TASK PROMPT. With the pictures left aside, write out exactly the lines of the listing below from the line with "Mockup of a" to the line with "A female's hand", both included, and only those.

------------------------------------

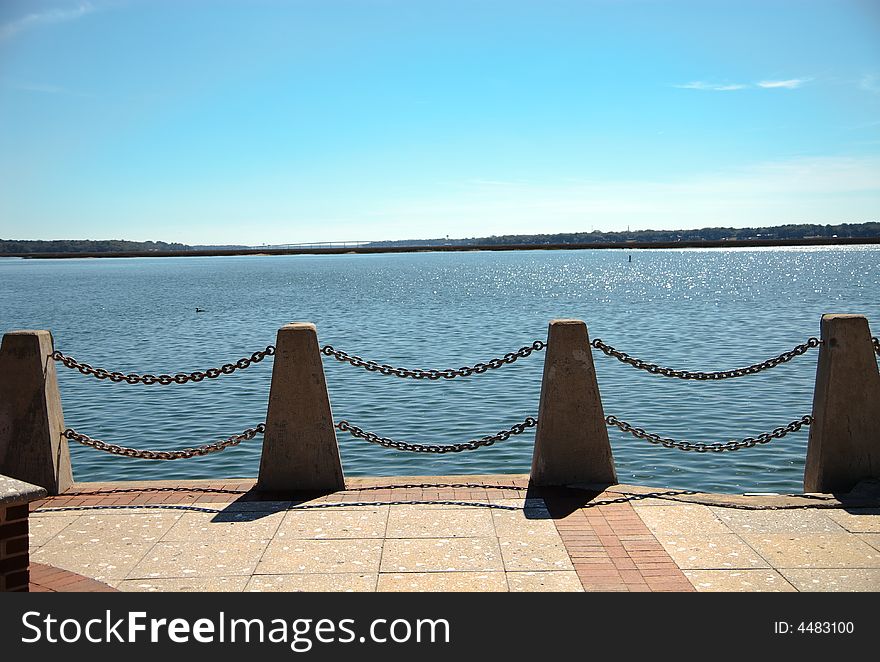 A chained fence wall on the edge of a boardwalk overlooking the ocean. A chained fence wall on the edge of a boardwalk overlooking the ocean.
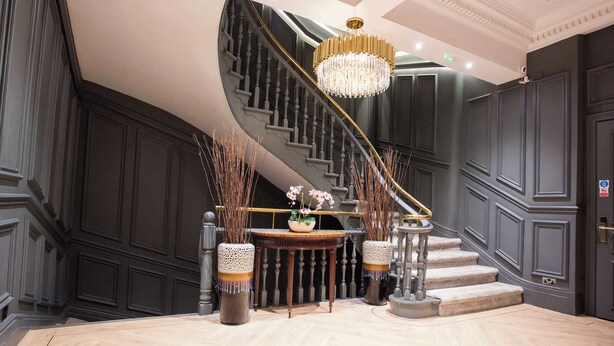 Eine imposante Treppe mit einer Chandelüster, dunklen Paneelen und einem runden Tisch mit Zierpflanzen.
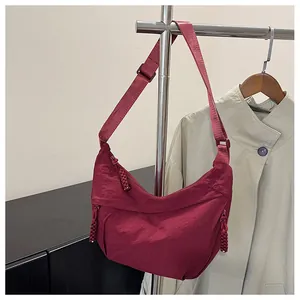 Detail of burgundy nylon dumpling bag with pleated texture and adjustable strap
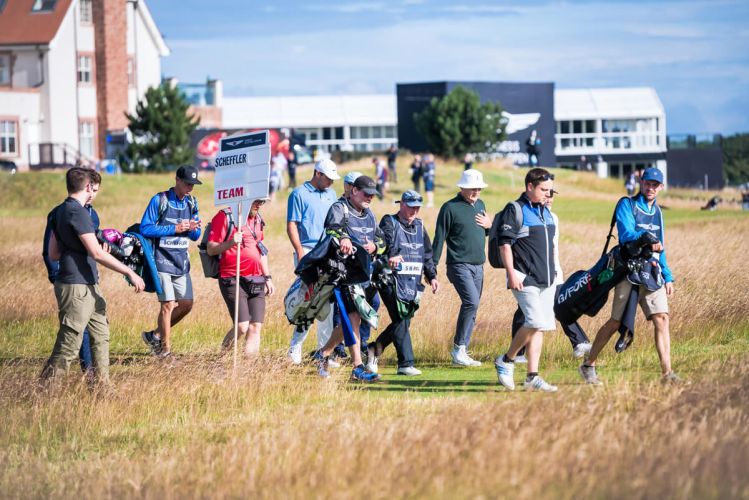 Team Scheffler walking away from first tee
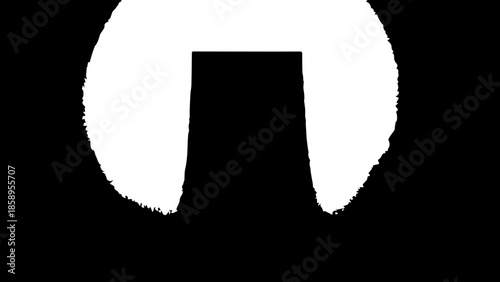 Mockup of a Vertical Black Canvas Hanging on a Neutral Wall with Overhead Spotlight Illumination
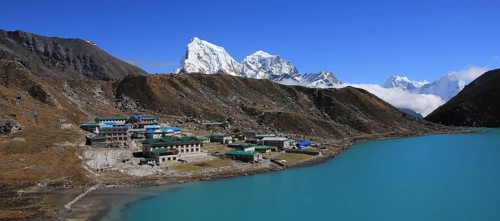Lodges in Gokyo, turquoise lake and snow covered mountain Cholatse, Nepal, Asia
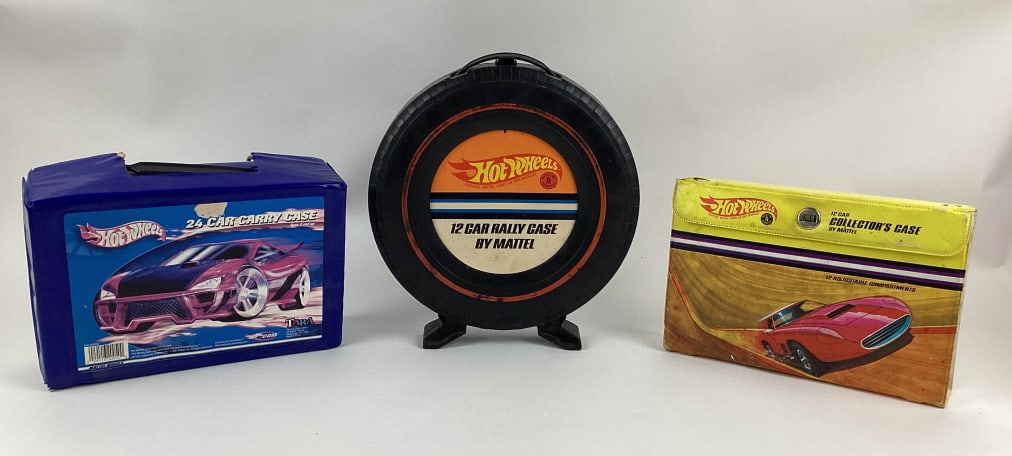 (3) Hot Wheels Carrying Cases: (3) Hot Wheels Carrying Cases including Hot Wheels 1968 12 Car Collector's Case with 12 adjustable compartments, 1967 Hot Wheels 12 Car Rally Case, and 2001 Hot Wheels 24 Car Carry Case.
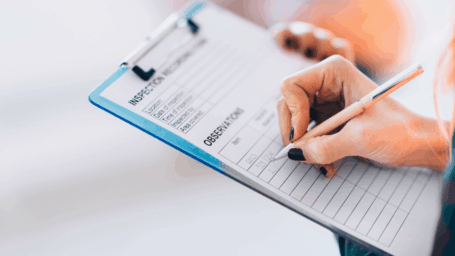 A female's hand is writing on a clipboard that says 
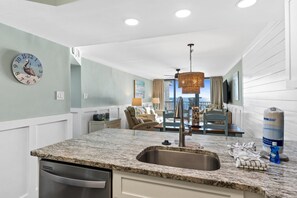 Enjoy meals in the kitchen with a granite countertop, stainless steel sink, and dishwasher, and dine at the table set for two.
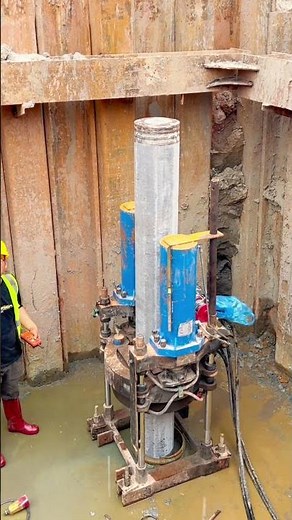 Hydraulic Piling Machine Operating in a Construction Trench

------------------------------------

TASK RESULT.
 Mockup of a Vertical Black Canvas Hanging on a Neutral Wall with Overhead Spotlight Illumination
Lodges in Gokyo, turquoise lake and snow covered mountain Cholatse, Nepal, Asia
 (3) Hot Wheels Carrying Cases: (3) Hot Wheels Carrying Cases including Hot Wheels 1968 12 Car Collector's Case with 12 adjustable compartments, 1967 Hot Wheels 12 Car Rally Case, and 2001 Hot Wheels 24 Car Carry Case.
 A female's hand is writing on a clipboard that says 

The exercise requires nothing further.